While it might not help any, more info than you probably care about on
what warmd does can be found here:
http://lists.apple.com/archives/Boot-dev//2009/Sep/msg00006.html
I'm assuming you did a full power down and then power up with the
monitor attached. If I recall the mini checked the monitor as part of
the powerup process and adding a monitor later didn't help things.
CB
On 11/30/12 7:49 AM, Kristeen Hughes wrote:
Mike, it has taken me a while but I have finally been able to compare my two
Mac Minis with activity monitor. Unfortunately, they don't look very different
from each other. This is unfortunate because it gives me no more of an
explanation for why one of them is running the way it is. The only processes
that show a great amount of activity our activity monitor and voiceover. There
is another one that's called warmd and I don't know what it does. it isn't
using any CPU but I just wonder about it, because it's owned by nobody.

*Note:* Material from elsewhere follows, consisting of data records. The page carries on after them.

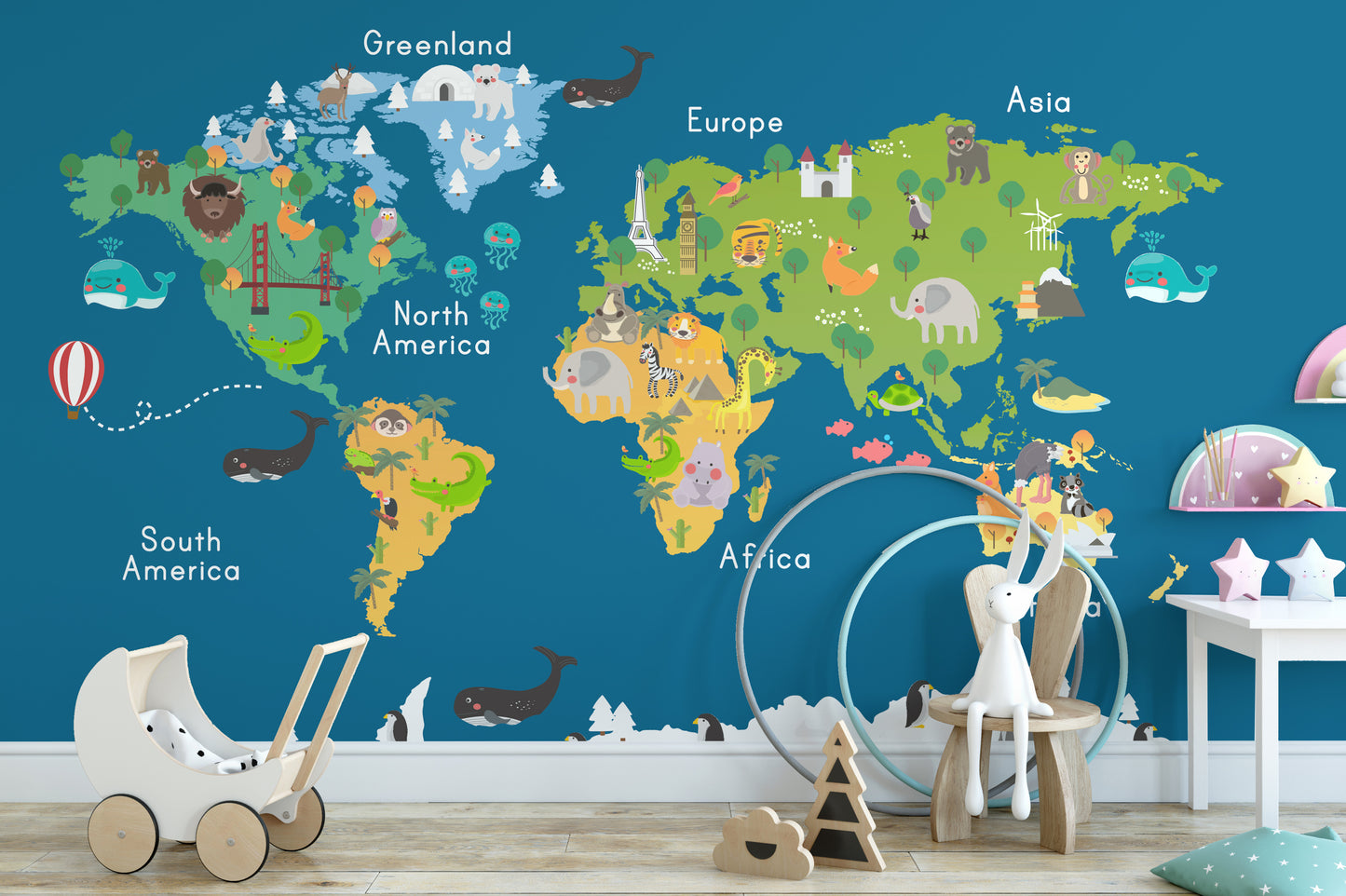 Kids World Map Blue Wallpaper Mural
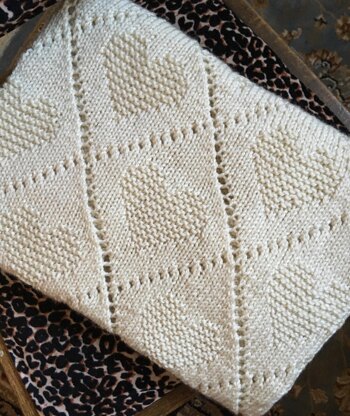 Diamond Love Blanket Knitting Pattern, PDF, Instant Download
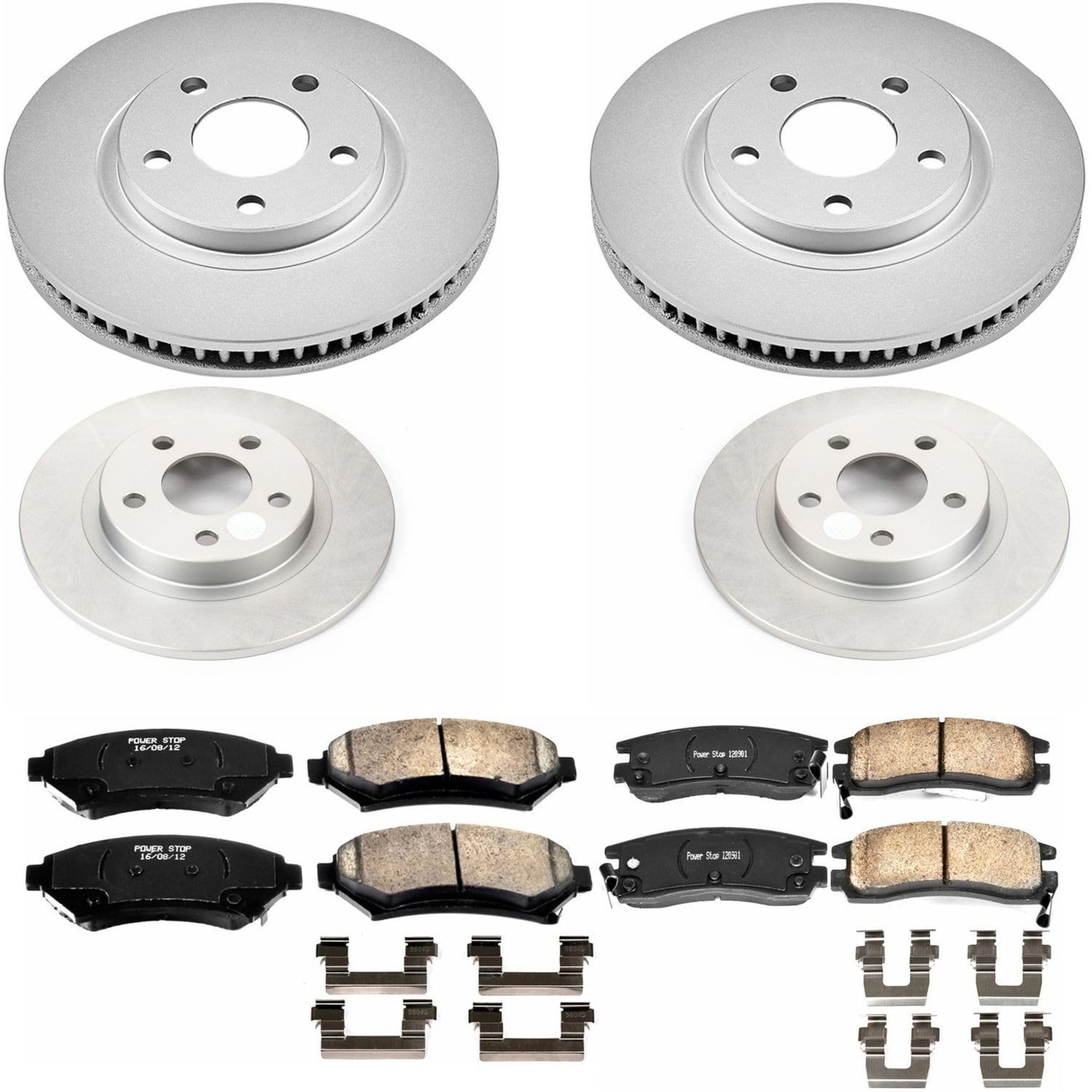 Power Stop CRK1545 Brake Rotor & Coated Ceramic Brake Pads- front & rear For Buick Park Avenue 2003-2005, Cadillac DeVille 2000-2005 [Model Specific]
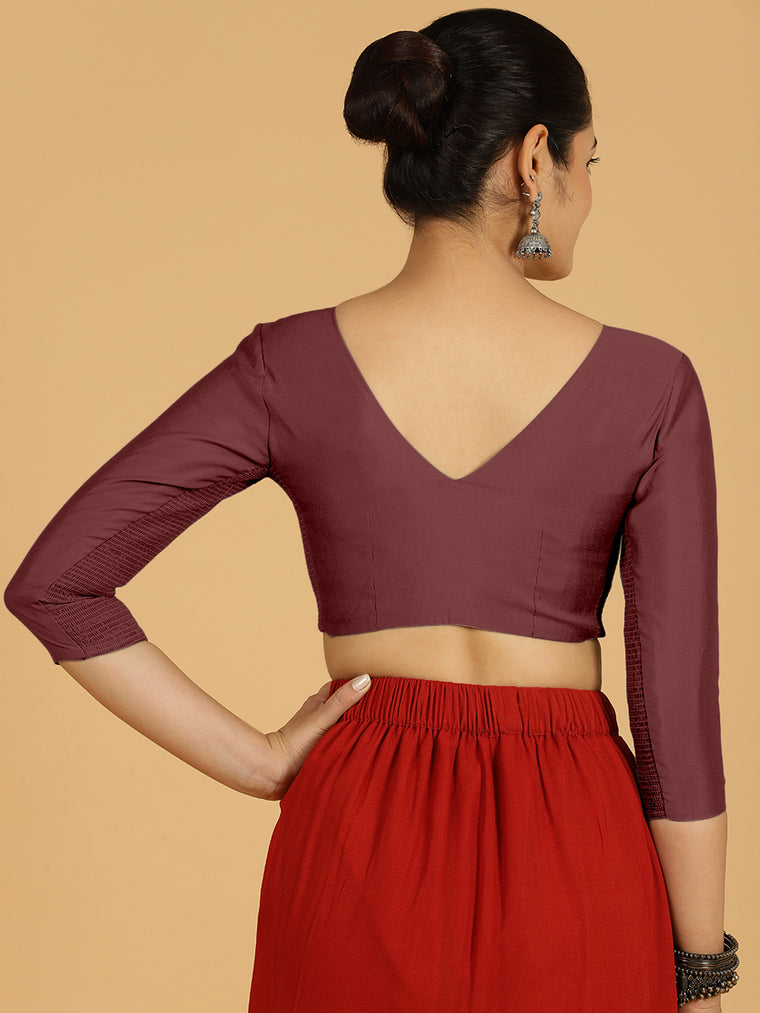 Alia x Rozaana Saree Blouse, in Maroon Viscose, featuring three quarter sleeves and v-neckline, made for daily & work (view 2).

I purchased cocktail, and I'm very glad I did. I have run it on both minis and
done some tweaking, but it hasn't changed the situation on the one that is
sick. It still runs extremely erratically, and voiceover cannot speak more than
a few syllables without being cut off. Everything is still busy, even if the
only thing running his finder. I'm starting to wonder if there's something
going on with the hardware. It seems very sudden, but it's the only conclusion
I have left.
Kristeen
On Nov 29, 2012, at 2:01 PM, Mike Arrigo <n0...@charter.net> wrote:
Cocktail is an app that allows you to tweak some things, it will also do things
like clear your cache.
You can look at the processes on your mac by going in to activity monitor, you
will find it in the utilities folder.
Original message:
Mike, What is cocktail exactly?
Also, how can I learn more about the processes on the Mac and what they do. I
am curious about the comparisons between the PC processes, which I know like
the back of my hand, and the Mac side of the coin, which is all still very new
to me.
Kristeen
On Nov 28, 2012, at 11:35 PM, Mike Arrigo <n0...@charter.net> wrote:
If anyone is curious, I was able to figure this out. Even when I only had
finder running, voiceover would still say there were 2 running apps. The
notification center is considered an app, even though you cannot command tab to
it, or select it from the dock. Since I never use this feature, I used an
application called cocktail to disable it, now the number of running
applications is spoken correctly.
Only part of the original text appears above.